Linn and Gary Curhan published two studies, one of which found a correlation between high sodium intake and kidney function decline (that's the chips), the other of which found a correlation between artificial sweetener intake and kidney function loss (that's the diet soda.)
Written by Dana Blankenhorn, Inactive

It's hard to eat at your desk.

Chained to your computer by a job that must be done, the traditional snack of the programmer is some chips and a diet soda.

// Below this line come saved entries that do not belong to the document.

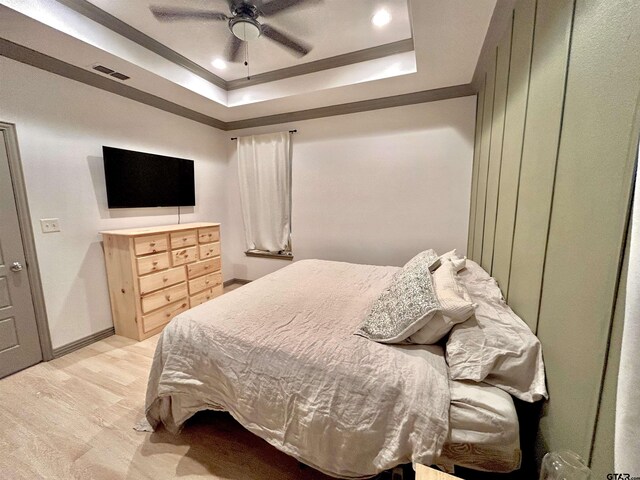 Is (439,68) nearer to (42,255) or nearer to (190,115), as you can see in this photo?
(190,115)

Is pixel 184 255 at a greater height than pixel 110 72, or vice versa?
pixel 110 72

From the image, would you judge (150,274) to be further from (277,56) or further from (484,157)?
(484,157)

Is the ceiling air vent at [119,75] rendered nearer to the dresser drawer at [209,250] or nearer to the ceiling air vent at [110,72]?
the ceiling air vent at [110,72]

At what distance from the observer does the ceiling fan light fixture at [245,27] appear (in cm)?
199

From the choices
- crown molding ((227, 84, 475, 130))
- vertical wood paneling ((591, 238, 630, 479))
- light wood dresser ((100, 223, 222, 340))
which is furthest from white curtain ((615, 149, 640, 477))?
light wood dresser ((100, 223, 222, 340))

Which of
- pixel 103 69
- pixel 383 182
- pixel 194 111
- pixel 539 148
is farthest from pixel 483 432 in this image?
pixel 194 111

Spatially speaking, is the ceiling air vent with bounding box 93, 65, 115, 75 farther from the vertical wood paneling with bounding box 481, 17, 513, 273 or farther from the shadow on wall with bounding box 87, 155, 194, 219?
the vertical wood paneling with bounding box 481, 17, 513, 273

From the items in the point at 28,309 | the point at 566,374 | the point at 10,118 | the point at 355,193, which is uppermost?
the point at 10,118

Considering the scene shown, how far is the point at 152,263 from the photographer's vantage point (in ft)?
8.82

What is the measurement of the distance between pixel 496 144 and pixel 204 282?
11.1ft

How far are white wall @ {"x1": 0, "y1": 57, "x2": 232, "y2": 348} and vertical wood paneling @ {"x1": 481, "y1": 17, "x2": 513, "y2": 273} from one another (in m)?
3.47

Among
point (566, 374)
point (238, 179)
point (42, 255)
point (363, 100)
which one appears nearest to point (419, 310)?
point (566, 374)

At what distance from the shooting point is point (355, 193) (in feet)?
11.1

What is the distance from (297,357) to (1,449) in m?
1.81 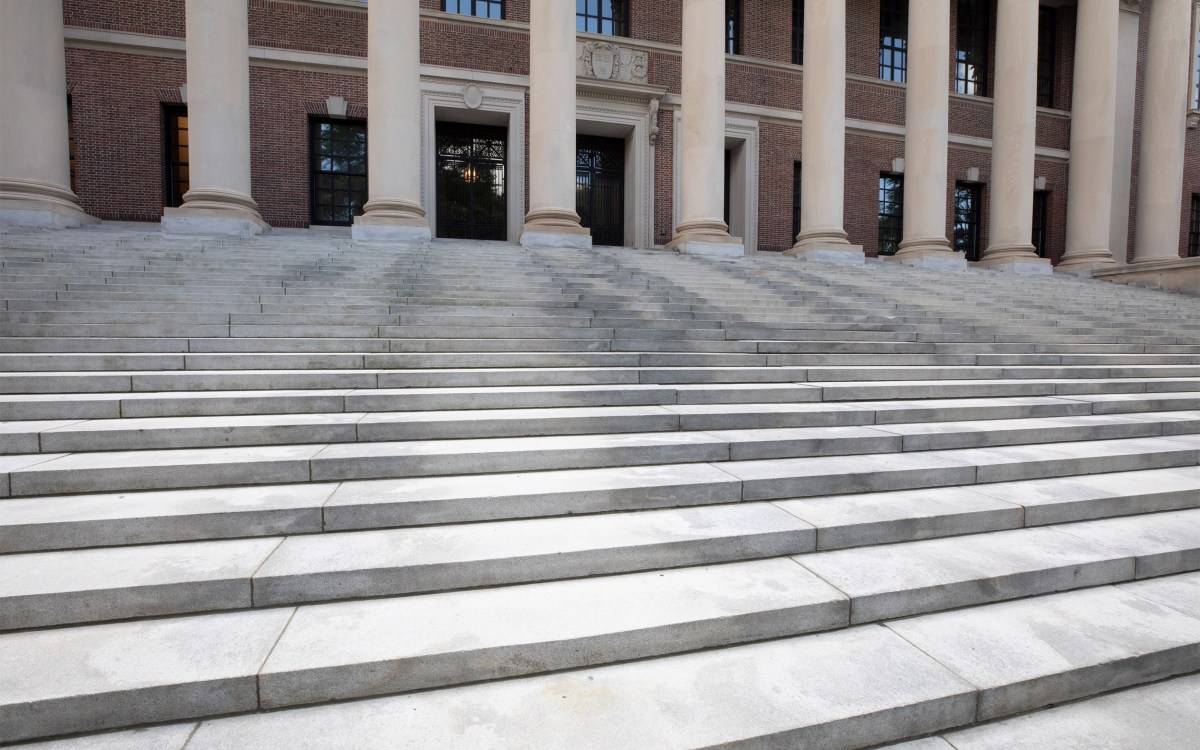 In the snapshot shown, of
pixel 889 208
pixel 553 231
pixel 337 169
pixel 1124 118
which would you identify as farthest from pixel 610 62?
pixel 1124 118

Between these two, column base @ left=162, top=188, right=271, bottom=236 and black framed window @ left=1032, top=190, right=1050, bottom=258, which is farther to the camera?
black framed window @ left=1032, top=190, right=1050, bottom=258

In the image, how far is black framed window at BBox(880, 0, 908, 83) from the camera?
22.8 m

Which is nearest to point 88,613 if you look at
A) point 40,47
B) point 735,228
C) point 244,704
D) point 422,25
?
point 244,704

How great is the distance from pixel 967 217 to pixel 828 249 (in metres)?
11.9

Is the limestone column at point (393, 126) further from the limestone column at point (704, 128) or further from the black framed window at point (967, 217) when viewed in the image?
the black framed window at point (967, 217)

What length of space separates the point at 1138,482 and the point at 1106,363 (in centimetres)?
458

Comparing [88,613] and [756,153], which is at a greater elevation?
[756,153]

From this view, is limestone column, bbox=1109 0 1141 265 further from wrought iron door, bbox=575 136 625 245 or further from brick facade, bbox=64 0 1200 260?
wrought iron door, bbox=575 136 625 245

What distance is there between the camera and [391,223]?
12.6m

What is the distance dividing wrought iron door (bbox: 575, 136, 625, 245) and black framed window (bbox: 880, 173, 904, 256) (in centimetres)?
986

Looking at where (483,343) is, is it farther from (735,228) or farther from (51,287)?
(735,228)

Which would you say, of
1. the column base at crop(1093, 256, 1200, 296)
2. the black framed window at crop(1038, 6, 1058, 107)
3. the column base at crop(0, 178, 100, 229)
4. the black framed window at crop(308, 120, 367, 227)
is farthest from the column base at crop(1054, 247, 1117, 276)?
the column base at crop(0, 178, 100, 229)

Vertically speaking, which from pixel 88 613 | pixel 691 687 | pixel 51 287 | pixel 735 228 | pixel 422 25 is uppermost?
pixel 422 25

It gets you through the day.

It may not get you through the night, however, and may hasten that long, long night to come.

Yes, we're talking about your kidneys.

Julie Lin (right) of Brigham and Women's in Boston looked at data in the famous Nurses Health Study, going through 3,000 records, collected over time, for evidence on kidney health, matching that data to the consumption of sodas and sodium.

Linn and Gary Curhan published two separate studies, one of which found a correlation between high sodium intake and kidney function decline (that's the chips), the other of which found a correlation between artificial sweetener intake and kidney function loss (that's the diet soda.)

There was no such correlation between regular sugar and kidney function (although there was a separate study from Colorado linking fructose and hypertension -- modern American sodas are sweetened with high fructose corn syrup).

All this was offered at the annual Renal Week event in San Diego, run by the American Society of Nephrology.

There is a difference between the correlation found here and the headline "diet soda drinkers suffer kidney problems." A correlation is not a certainty. And all they were studying were aging nurses. They weren't studying male computer programmers who like Sarah Palin, or young video game players -- it's not a general population study.

But Lin and Curhan did account for extraneous factors within the study, like age, smoking, obesity, and heart disease, before coming to their conclusion.

I'd say take it with a grain of salt, but that might be bad for you.